Je me souviens d’un article assez malveillant qui prétendait qu’il n’intéresserait qu’un tout petit quartier.

Je me souviens d’un article assez malveillant qui était sorti juste avant la sortie de mon livre, qui prétendait qu’il n’intéresserait qu’un tout petit quartier, le quartier de Saint-Germain-des-Prés, que c’était un livre sans importance outre la frontière parisienne. Et puis je me suis aperçue que ce livre a été traduit dans 30 pays et aujourd’hui, alors que je fais des interviews toutes les semaines avec des journalistes des pays du Nord, des pays du Sud, je m’aperçois que les questions qu’aborde le livre, sont des questions qui sont là aujourd’hui pour tout le monde, qui traversent toutes les sociétés contemporaines, alors que quand je parle avec des journalistes de pays du Sud, Espagne, Italie, Portugal, elles me disent au contraire “merci d’avoir écrit ce livre parce que ça va nous permettre à nous de pouvoir aborder ces sujets qui sont tellement tabous encore dans nos sociétés”.
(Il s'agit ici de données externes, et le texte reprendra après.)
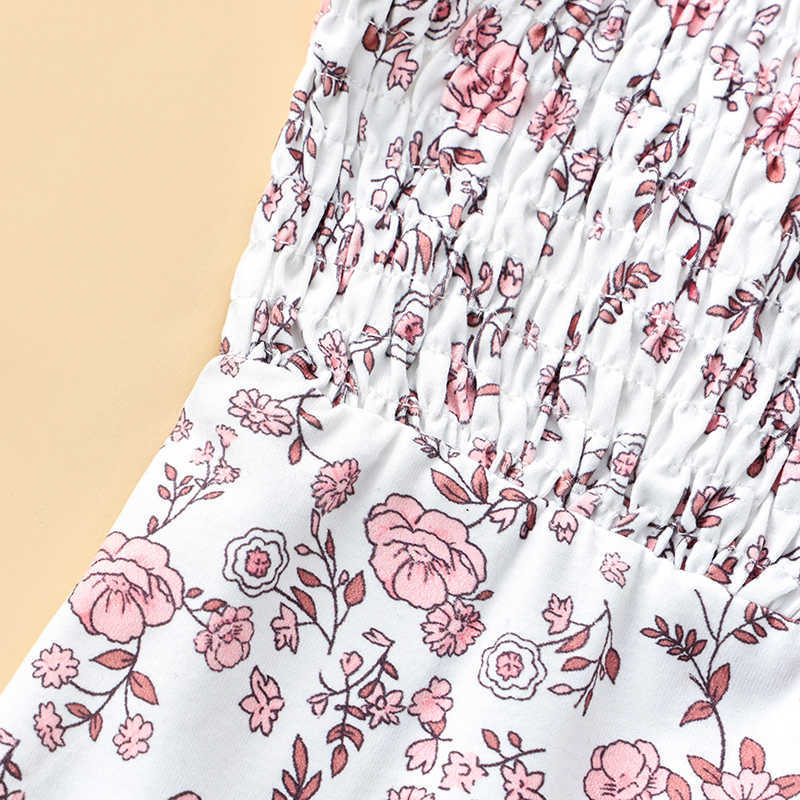 Rompers Newborn Baby Girl Flower Print Romper Sleeveless Jumpsuit Onepiece Outfits Sunsuit Toddler Girl 2022 Summer Clothes J220922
Pour des raisons qui m’échappent,  ce livre a rencontré son époque.

Donc, c’est très intéressant de voir que le rayonnement n’est pas exactement le même. Enfin, pas pour les mêmes raisons, mais en tout cas que ce livre, effectivement, pour des raisons qui m’échappent, qui m’ont complètement dépassée, a rencontré son époque.